BEGIN GIVEN INFORMATION
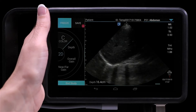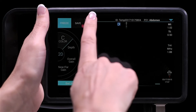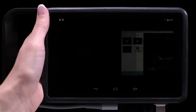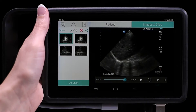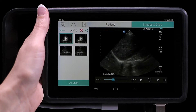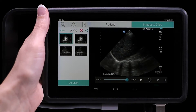To review the current study, tap the patient field and a list of image and video thumbnails will appear. Tap the arrow to play a video.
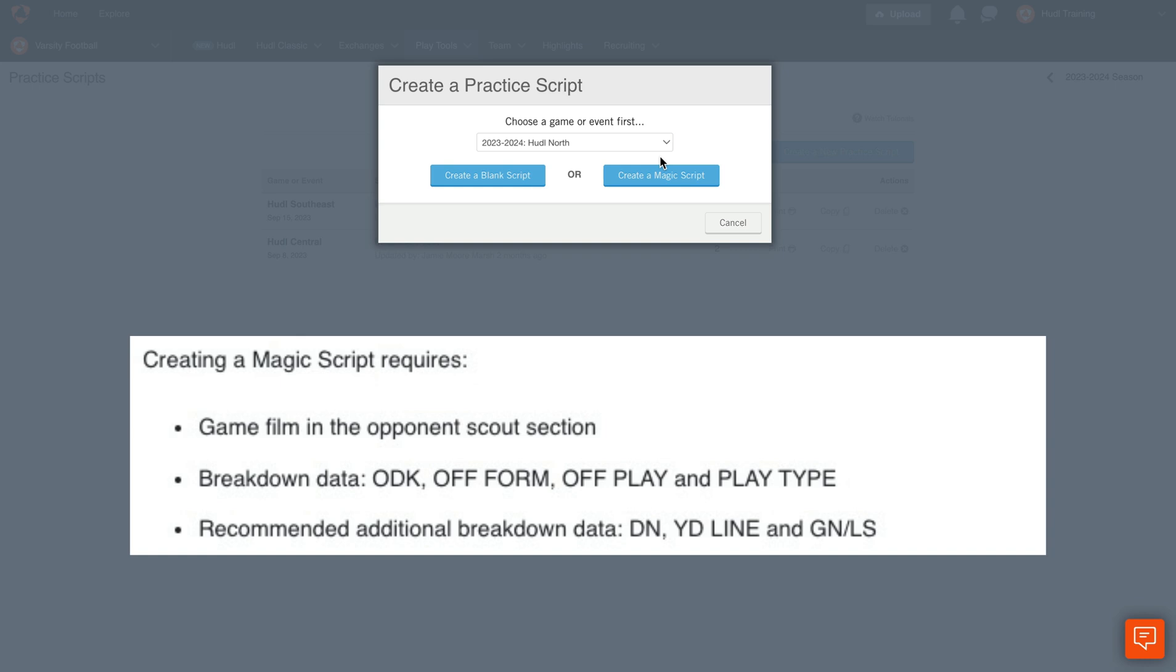And we recommend that you have additional breakdown including Down, Yardline, and Gain and Loss.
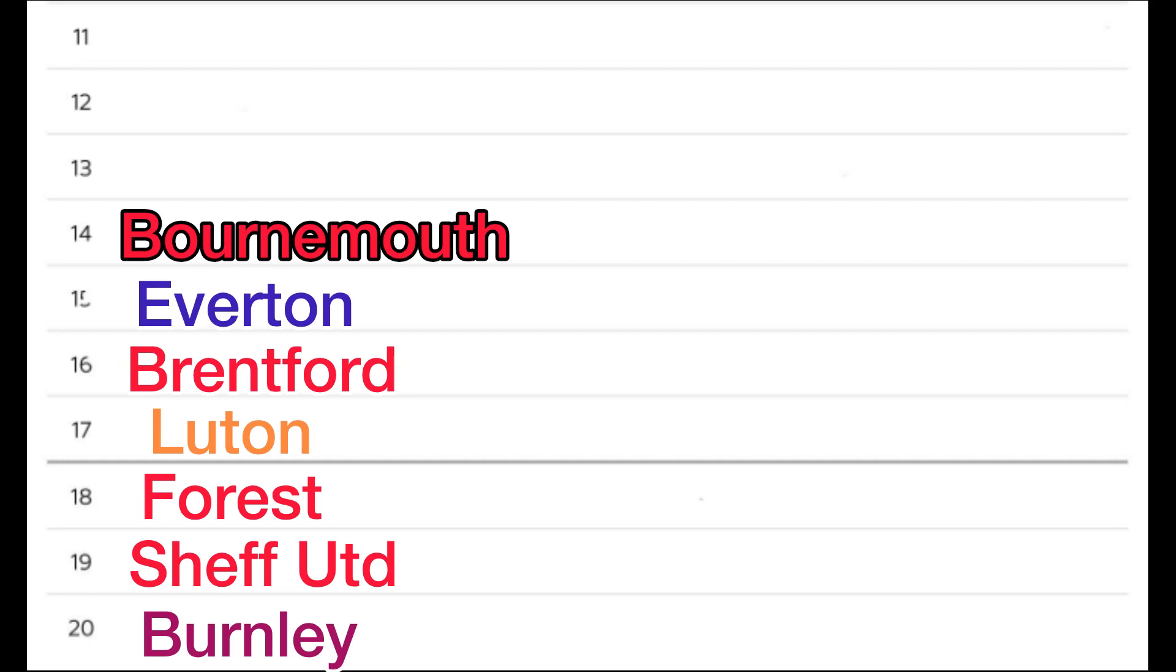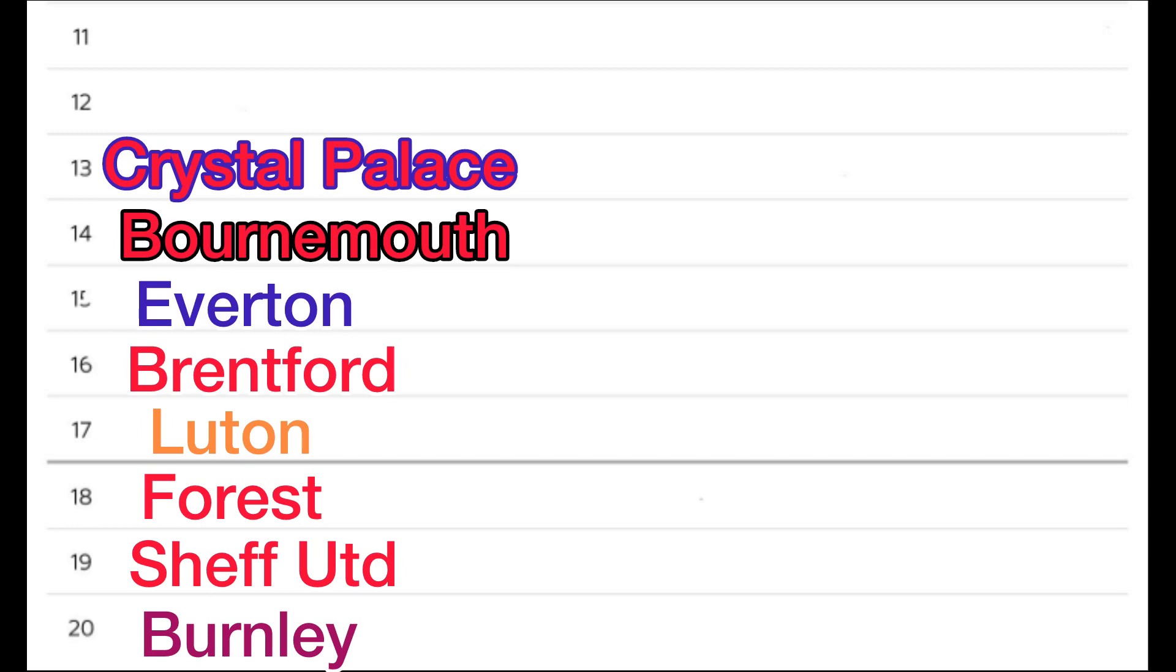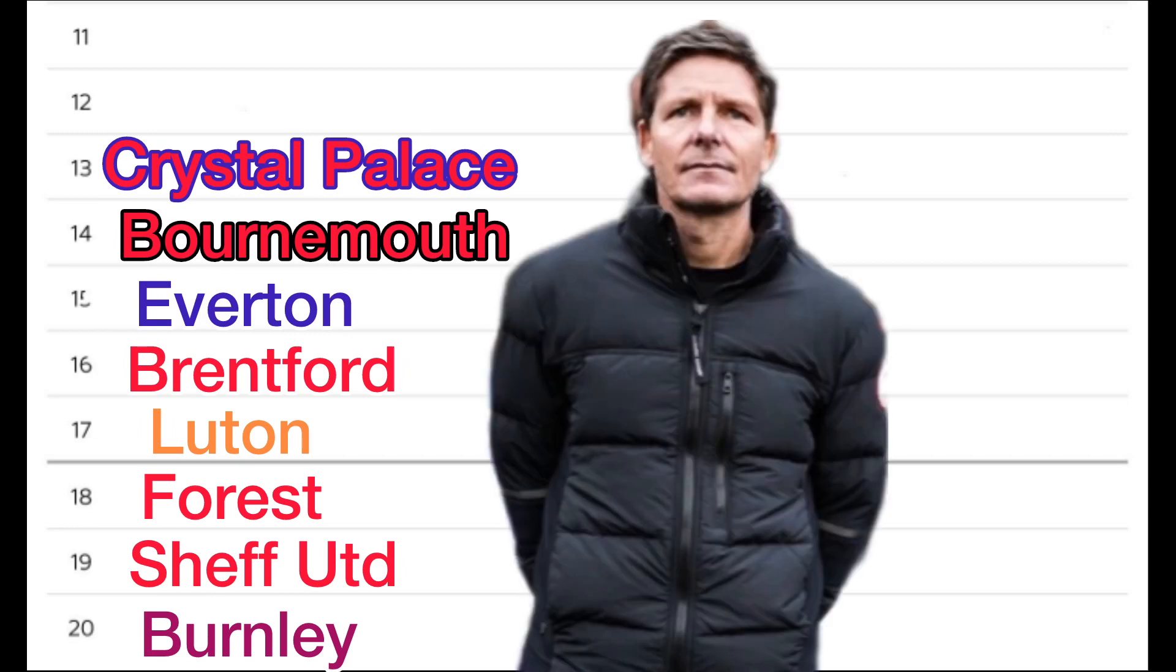14th, I've gone with AFC Bournemouth. They were on a good run, but I think it's come to an end. In 13th, Oliver Glasner, I think he'll save them Crystal Palace.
END GIVEN INFORMATION
- **WHAT IS EXPECTED**
The answer must consist solely of the lines from the one with "And we recommend" through the final line of the data, each reproduced exactly and with pictures omitted.

- **RESULT OF THE EXERCISE**
And we recommend that you have additional breakdown including Down, Yardline, and Gain and Loss.
14th, I've gone with AFC Bournemouth. They were on a good run, but I think it's come to an end. In 13th, Oliver Glasner, I think he'll save them Crystal Palace.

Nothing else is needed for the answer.